In the beginning of this week, we split into two groups. I formed a group with Megumi, Marta, Peetu and Behnaz. We started by taking apart last years student projects, and started ideating ours. The machine that we decided to build is a fruit peeler called FabPeel.
The idea for the project came from the FabLab staff had suggested that we build a mini lathe. Megumi liked the idea, and suggested that we simplify the idea a bit but use the same principle for movement --> A fruit is attached to a rotating stick that moves to one direction. When it meets our attached blade, the skin is removed.
We started by looking at videos from Youtube about different projects people had made, trying to figure out how the project would work.
The next week days we were working really closely together as a group, building the machine, figuring out the kinks and brainstorming about how each part of the machine should move and work. All took part very enthusiastically and it was a really nice experience collaborating on this one. It was nice to see how we all had our own strenghts to contribute to this project.
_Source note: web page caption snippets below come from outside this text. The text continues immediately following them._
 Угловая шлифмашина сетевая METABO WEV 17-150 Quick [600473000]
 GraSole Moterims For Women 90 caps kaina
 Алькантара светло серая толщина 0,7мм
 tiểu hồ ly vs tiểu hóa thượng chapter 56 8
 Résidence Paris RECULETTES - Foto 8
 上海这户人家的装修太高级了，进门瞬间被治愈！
Brainstorming on the first week...
figuring out the timetable for building, the functionality we need to add
very rough prototyping with the ready parts
In the following days, the machine started to come together while everyone was pitching in. I cut the first version of the blade we used, and collaborated with others while thinking about how it should be attached to the frame.
We tested it manually, and all seemed to be in order. Every part was moving as it should, even though the blade of the peeler was taking out bigger chunks than it was supposed to.
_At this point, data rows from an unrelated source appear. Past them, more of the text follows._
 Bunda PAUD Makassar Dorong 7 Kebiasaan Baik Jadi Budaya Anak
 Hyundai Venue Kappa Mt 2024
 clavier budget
On this first week I also ideated and created a logo for our machine, worked with InkScape to prepare the file so that it could be printed into stickers, and then cut out the stickers using our vinylcutter. The process for InkScape and vinyl cutter are explained on my W4 documentation
During the second week we then needed to make the machine work automatically. Marta was taking the lead in this phase, programming the motors, and trying to get them to work as she had most experience. Others were doing some odd jobs for the machine, taking pictures and trying to document the process.
Here is Marta's programming setup:
I was present on all groupwork days also on week2, and tried to pitch in where I could, but I was left with a nagging feeling that I could not contribute enough, especially when I saw how hard Martha was working on our collaborative project. SHe kindly tried to reassure me that the programming part was something where more cooks does not make a better end result. I am quite certain that is the case, especially if the other cooks do not have much experience.
As for me, the only concrete design step this week was to build us the slide that would present our machine. So I collected our images, and went throught our documentation to summarize the main funtionalites - and did some sketching about how to best present what our machine does, and what we did during the couple of weeks.
Here is a video of the whole process:
- Week 1: Participated in all project days as a part of a group, took part by ideating, building, documenting the FabPeel. Did the first version of the blade, designed the logo for the work and cut it out using the vinyl cutter.
- Week 2: Participated in all project days as a part of a group, took part mainly by standing around and hovering, trying to look busy while Marta was coding - Testing, jiggling with the machine. No bigger design tasks except gathering photographs of the process, summarizing the functionality of the machine and doing the slide for the final presentation. Used the time to troubleshoot my output week board which was not fuctioning.
Here are the files for the logo:
- The original logo image
- logo svg file
Here is the first version of the slide
And the final slide used
- The mechanical design week was really much fun, and the time flew by with all of us collaborating.
- The machine building week just flew by. Marta took charge of the programming part as she had the skillset needed, but that must have put her under a lot of pressure. I felt that a lot of the time the others were just hovering by, hoping we could do something, coming up with odd jobs and trying to look busy. Or maybe it was just me.
- In the next rotations of the course, it might be better for the local instructors to divide the students into groups - so that in both teams there would be more people who can contribute to the programming part of the task.